制作中の「偶然効果」をどこまで取り入れるか

 

制作をしていると必ず、「偶然」の要素にたくさん出会うことになります。

制作途中で、タッチのかすれ具合、絵具のにじみ、さまざまな要素で意図しない「偶然」が起こります。
その「偶然効果」により、作品が劇的によく見えることがあります。

この素敵な「偶然効果」を生かしたいところですが、ひとつの問題が生じます。

「偶然効果」により作品を仕上げていくと、“当初意図した完成のイメージ” から離れてしまう。

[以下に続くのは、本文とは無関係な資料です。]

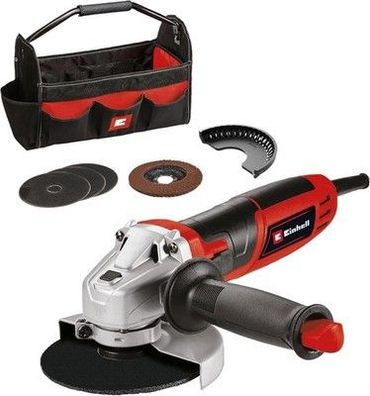 Einhell Winkelschleifer TC-AG 125/850 Kit (850 W, 12.000 min-1, inkl. Zubehör)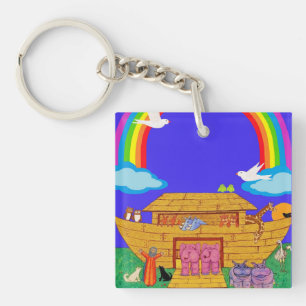 Noah's Ark Keychain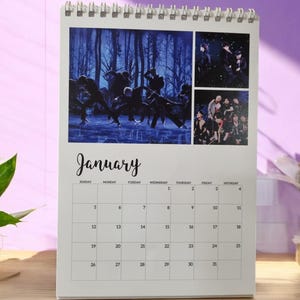 BTS 2025 Calendar - Kpop Monthly Desk Calendar with Iconic Photos of Suga, Jungkook,  Jimin Bulletproof Boys Merch Fanmade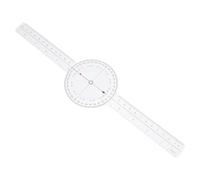 Luxshiny Rapporteur D'angle en Plastique pour Mesure Précise des Articulations et Angles, Goniomètre Rotatif Règle, pour Menuiserie et Ingénierie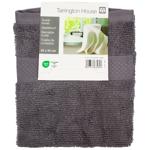 Tarrington House Gray Guest Towel 30x50cm
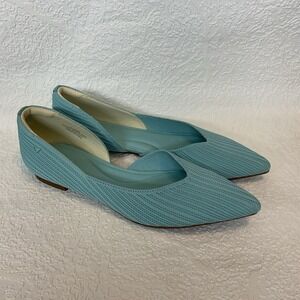 Vivaia Melia Pointed-Toe Knit D'Orsay‎ Flats Comfortable Blue sz 40EU 9 US NEW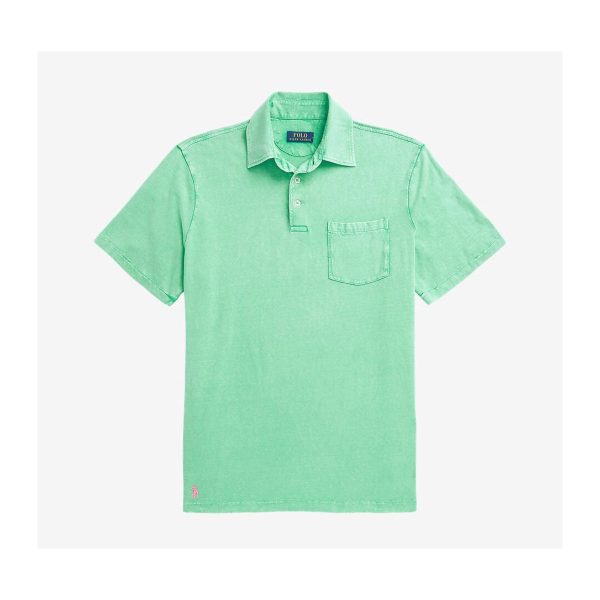 Polo Pony Tricou din Bumbac și In - Verde Deschis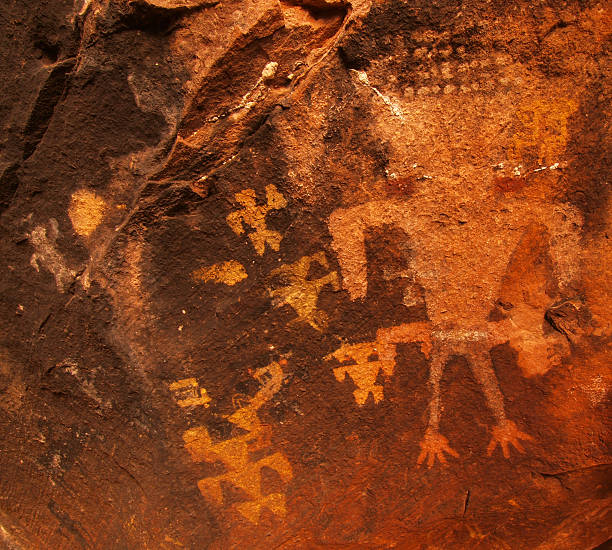 istock Pictographs of Cave Valley 147266572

ということです。

非常に悩ましい問題です。
この問題へは、二つの場合でとるべき行動が変わります。

まず、目の前の1枚を最高の作品にしたい場合。

「偶然効果」により劇的によくなった作品が、それまでに描いた作品の中で1番よくなる見込みがあれば、そのまま「偶然効果」を生かして描き進めるべきです。

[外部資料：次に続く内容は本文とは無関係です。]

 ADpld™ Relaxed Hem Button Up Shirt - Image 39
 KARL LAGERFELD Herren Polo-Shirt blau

次に、目の前の1枚より、先々に最高の作品を描きたい場合。

「偶然効果」でよくなった部分は、写真やメモで記録として残しましょう。
記録を残したら、当初予定していた表現で制作を進めましょう。

なぜ「偶然効果」を残さないか。
完成のイメージと課題をもって制作をしている場合、「偶然効果」で振り回されると自身の表現を育てるさまたげになる可能性が生じるからです。

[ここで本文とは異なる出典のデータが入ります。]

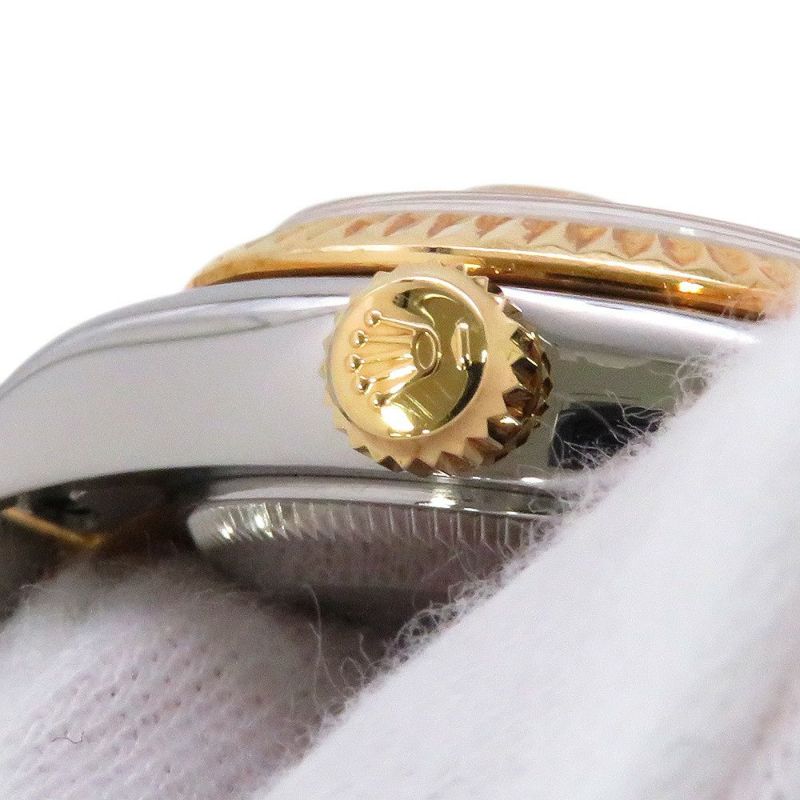 ロレックス デイトジャスト SS/K18YGイエローゴールド 10Pダイヤ M番 179173G シャンパン文字盤 コンピューター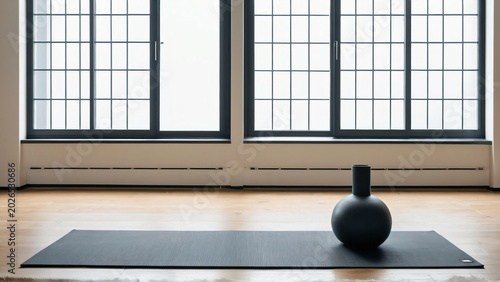 Yoga Mat in Calm Morning Light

同様に、完成のイメージと課題をもって制作中に、当初予定していなかった“実験要素” を突然しかけるのも問題です。
“実験要素” をしかける場合は、あらかじめ実験要素を入れることを決めておき、自身の作風にどういう影響が起こるかを見定めましょう。

作品に気分が少々影響することはあるかも知れません。
しかし、じっくりと自身の表現を育てていくのであれば、突発的な表現への「衝動」は抑えてください。
それまで培った自身の小さなこだわりを、次の1枚でも辛抱強く育てることが、作品の飛躍につながるのです。

作品の質を先々まで、末永く向上させるには、「偶然効果」とうまく付き合っていく必要があるのです。